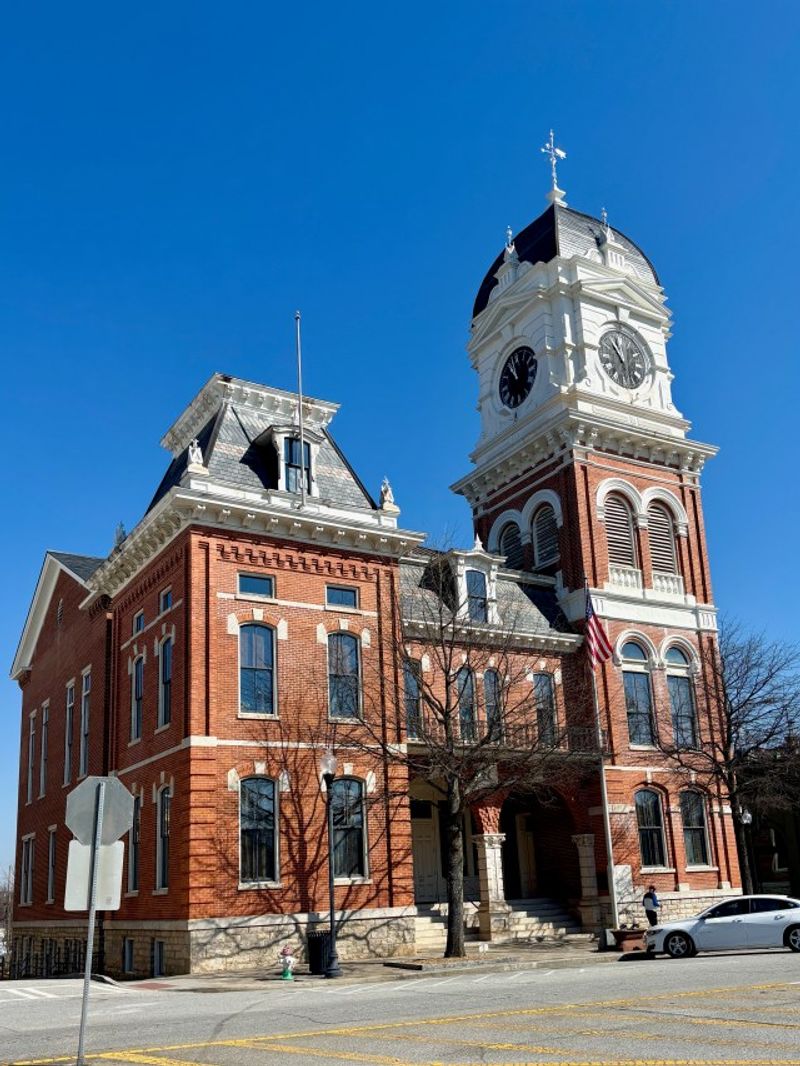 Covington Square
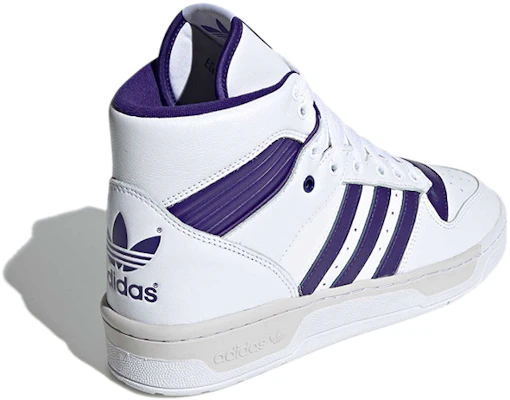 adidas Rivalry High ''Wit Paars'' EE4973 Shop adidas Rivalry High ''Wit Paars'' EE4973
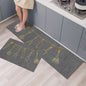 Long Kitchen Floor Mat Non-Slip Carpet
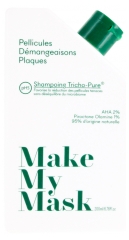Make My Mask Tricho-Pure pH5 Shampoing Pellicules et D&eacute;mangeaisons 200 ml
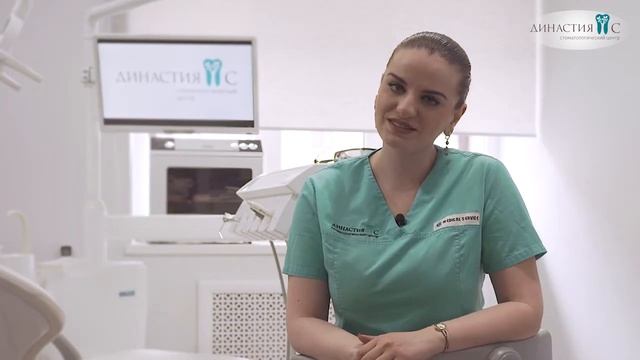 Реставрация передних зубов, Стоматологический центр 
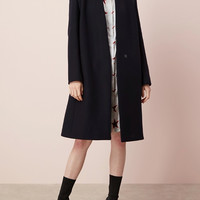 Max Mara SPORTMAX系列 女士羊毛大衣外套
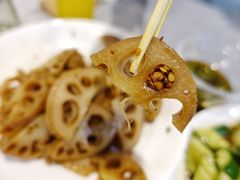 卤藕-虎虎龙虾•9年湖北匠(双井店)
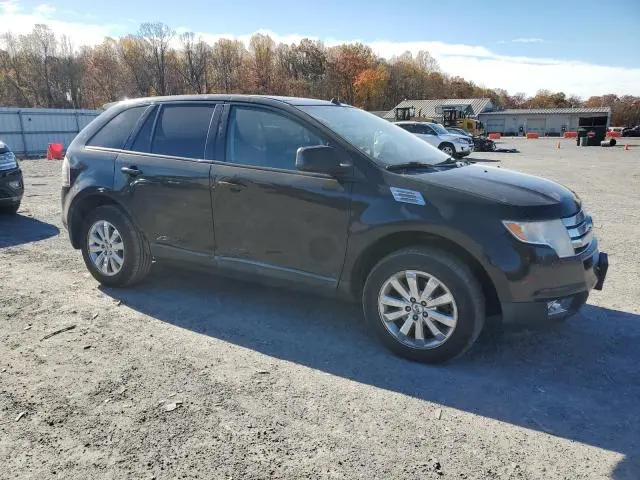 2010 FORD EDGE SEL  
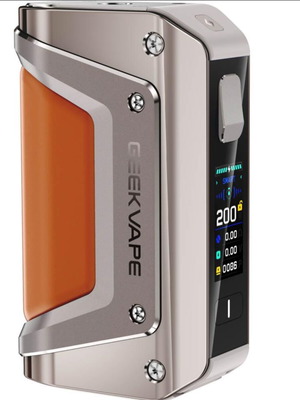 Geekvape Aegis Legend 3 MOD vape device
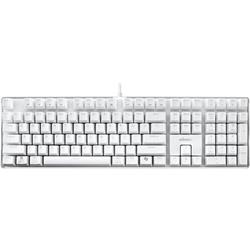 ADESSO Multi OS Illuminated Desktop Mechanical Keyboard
━━━━━━━━━━━━━━━━
## Task description
Every line above has to be output exactly; the pictures must be dropped.

## Solved exercise
 Covington Square
 adidas Rivalry High ''Wit Paars'' EE4973 Shop adidas Rivalry High ''Wit Paars'' EE4973
 Long Kitchen Floor Mat Non-Slip Carpet
Make My Mask Tricho-Pure pH5 Shampoing Pellicules et D&eacute;mangeaisons 200 ml
 Реставрация передних зубов, Стоматологический центр 
 Max Mara SPORTMAX系列 女士羊毛大衣外套
 卤藕-虎虎龙虾•9年湖北匠(双井店)
 2010 FORD EDGE SEL  
 Geekvape Aegis Legend 3 MOD vape device
 ADESSO Multi OS Illuminated Desktop Mechanical Keyboard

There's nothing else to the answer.